SAMUEL PIUMA, legge a caratteri cubitali sopra il titolo «Celeste nostalgia» e per poco non gli viene un colpo lì, davanti alla donna che continua a fissarlo come se fosse pazzo, e a questo punto non crede di poterle dare torto.
Le sfila il libro dalle mani, lo riapre, lo sfoglia, legge di Samuel e di Michele e si chiede ripetutamente ma chi cazzo sono questi? mentre arriva all'ultima pagina e scopre che - come immaginava - non sono finiti insieme.
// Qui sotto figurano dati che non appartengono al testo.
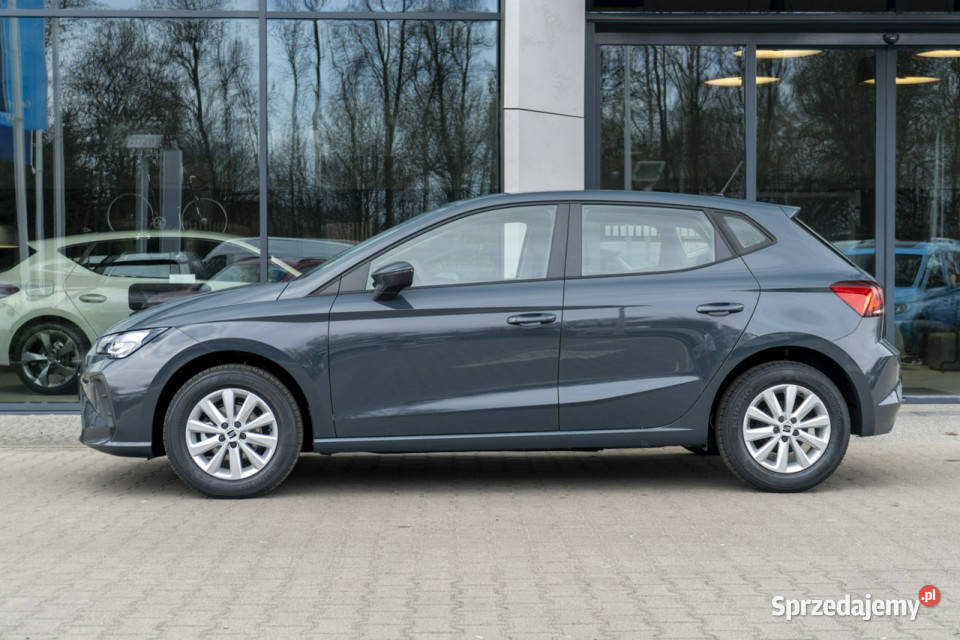 Seat Ibiza Reference 10 MPI 80 V 2017 999cm3 łódzkie Łódź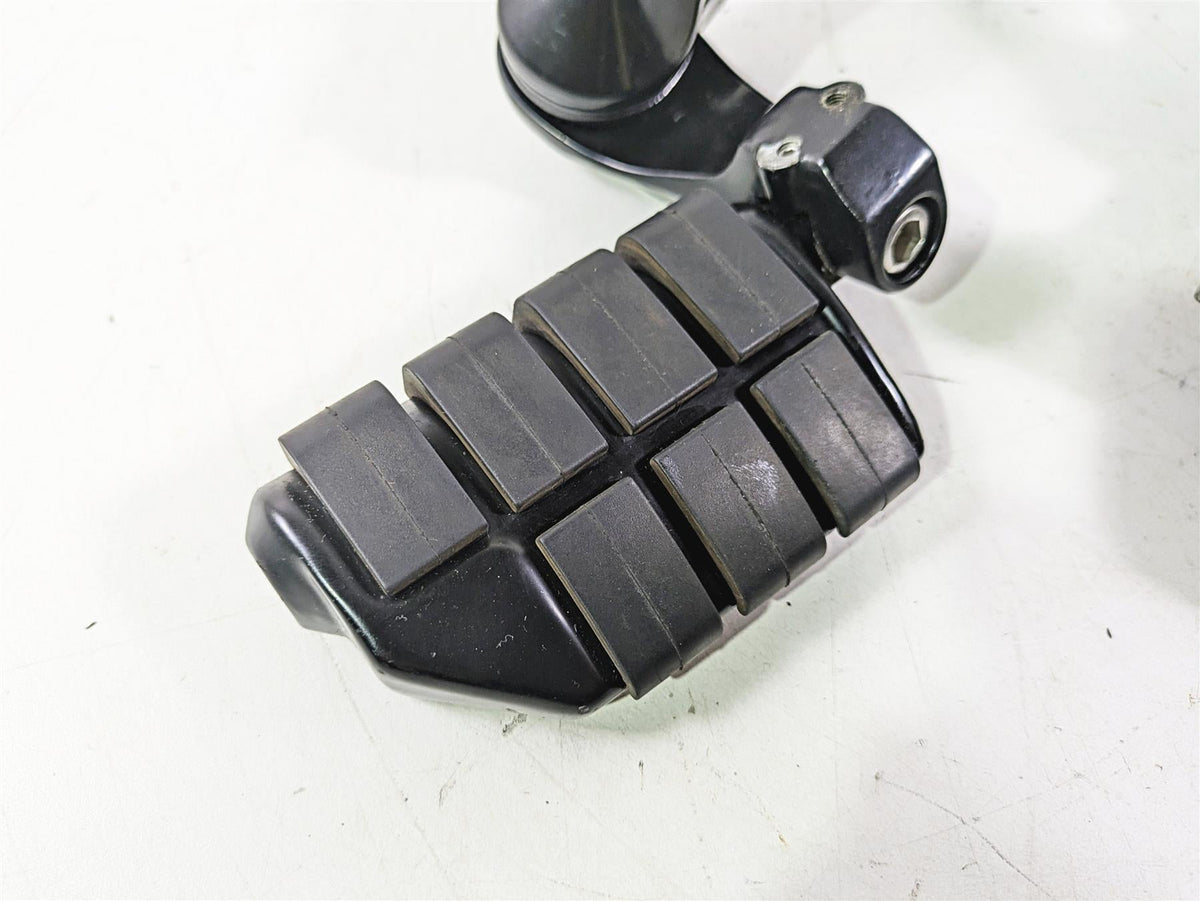 2018 Indian Chieftain Limited Black Aftermarket Highway Foot Peg Set {{ shop.shopifyCountryName }} - Mototech271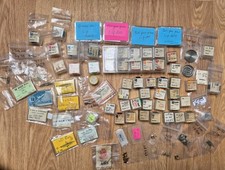 grand lot de pièces et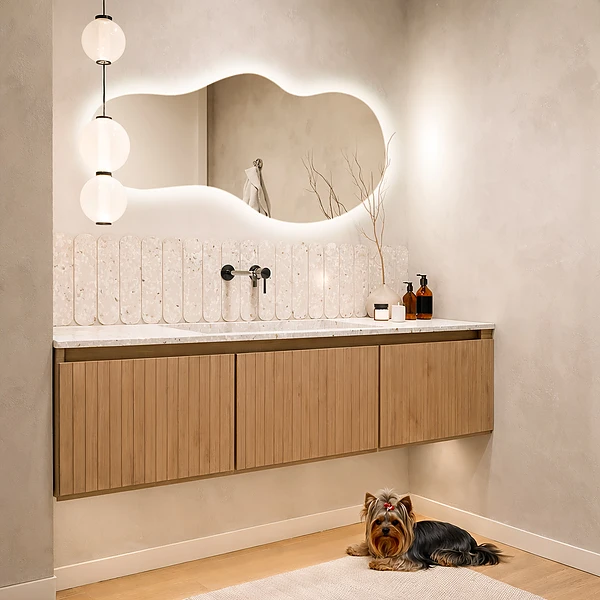 Oglindă în formă organică cu lumină modernă 50x100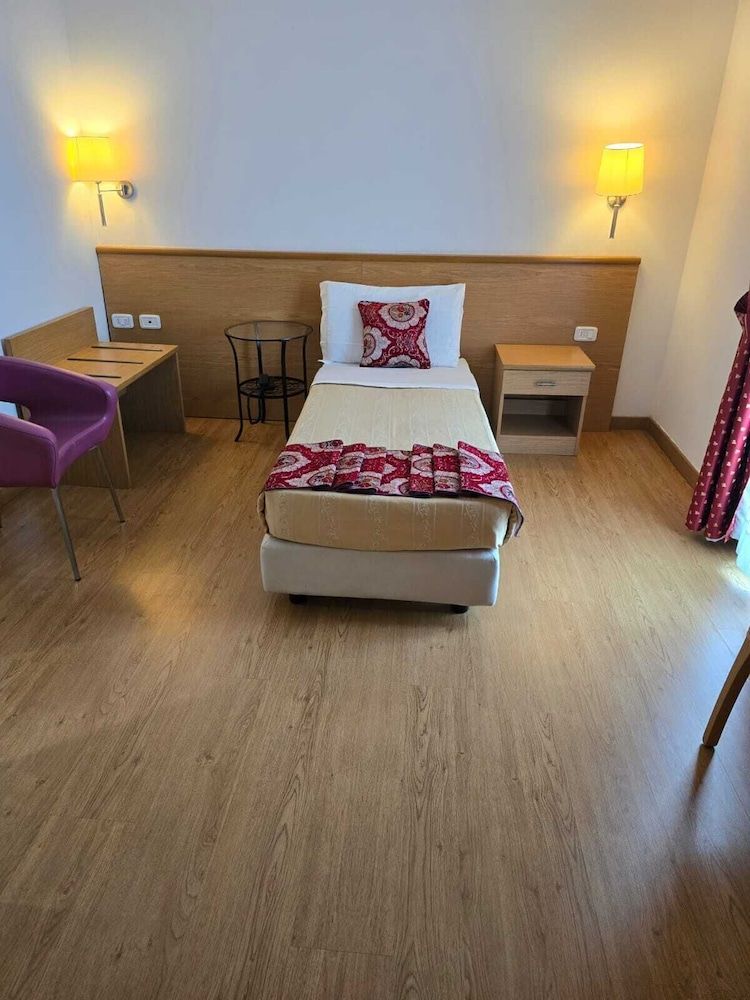 Deluxe Single Room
Lei continua a dirgli che si è fatto bianco, bianco e gli offre una caramella che magari gli alza la pressione, ma Simone sta già con la testa al Circeo e alla corsa che deve fare per tornarci, di nuovo, anche se non è estate e dovrebbe stare a casa a preparare gli ultimi esami.
Il libro alla fine lo compra e non ha ancora capito se sto Samuel esiste davvero e gli ha fregato la vita o se è il suo Manuel che pur di arrivare a lui si è scoperto persino autore di romanzi introspettivi.
Comunque ora non gli importa più, non mentre saluta di fretta la simpatica commessa e corre come un forsennato verso la stazione per prendere il primo treno per Priverno, sperando non sia troppo tardi.